If all watermarking systems are public knowledge then an attacker could build up a database of watermark signatures, like anti-virus companies. The attacker could then use similar techniques to anti-virus software (e.g. 8) to automatically detect watermarks & the type of the watermark embedded in programs. For example, Teng9 showed that dynamic graph watermarks are susceptible to pattern matching analysis if the watermark/program code ratio is too high. Of course, this technique assumes that the attackers know all of the watermarking algorithms in use - we must assume this worse-case scenario because we cannot be sure that an attacker hasn't figured out our watermarking algorithms.

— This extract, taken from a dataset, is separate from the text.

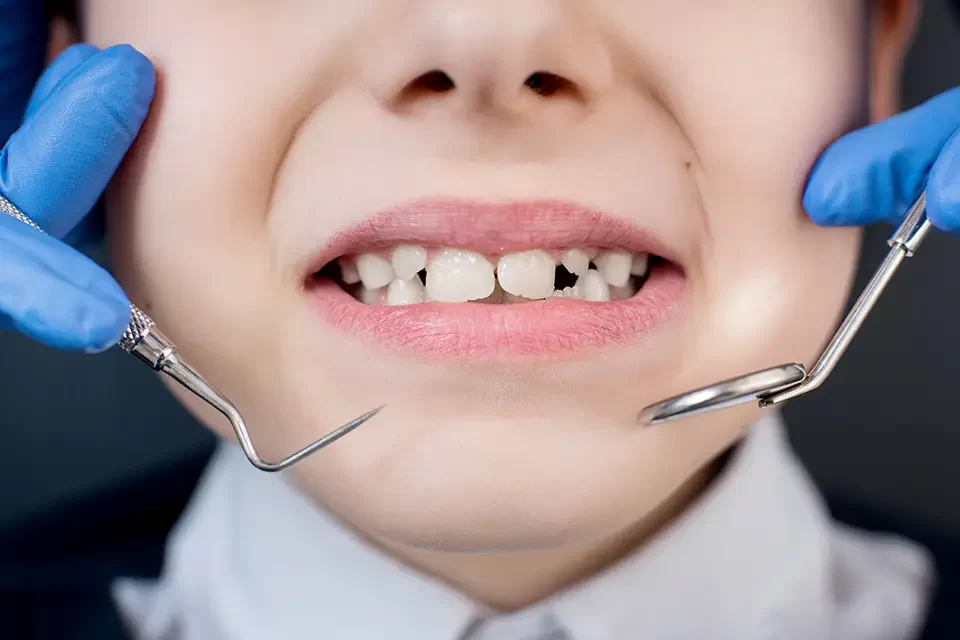 Dental Crowns for Children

Intuitively, it is easy to make the assumption that watermarked code (or any computer generated code) is inherently unstealthy because a computer cannot program like a human (or can it?). A computer program will generate code based on a pre-programmed pattern, for example the structure of a watermark encoding, or the code for generating a GUI. If watermark/computer-generated code is inherently unstealthy then it may be possible to find any watermarks by analysing programs looking for tell-tale signs of watermarked/computer-generated code (similar to techniques for finding unseen viruses10). However, it is not clear if all the current watermarking algorithms exhibit any common unstealthy attributes or wether we could detect a newly created watermarking algorithm based on inherent unstealthiness.

What seems likely is that there is a relationship between the amount of effort put into creating a watermark and the stealthiness of a watermark - for example, a programmer could hand craft a custom watermark for every program they create, spending many days worrying about small aspects of stealthiness; on the other hand, an automatic watermark embedder would generate the same code for each watermark, and would not be able to place code as well as the programmer. Ideally, we want to embed stealthy watermarks with little effort (i.e. automatically).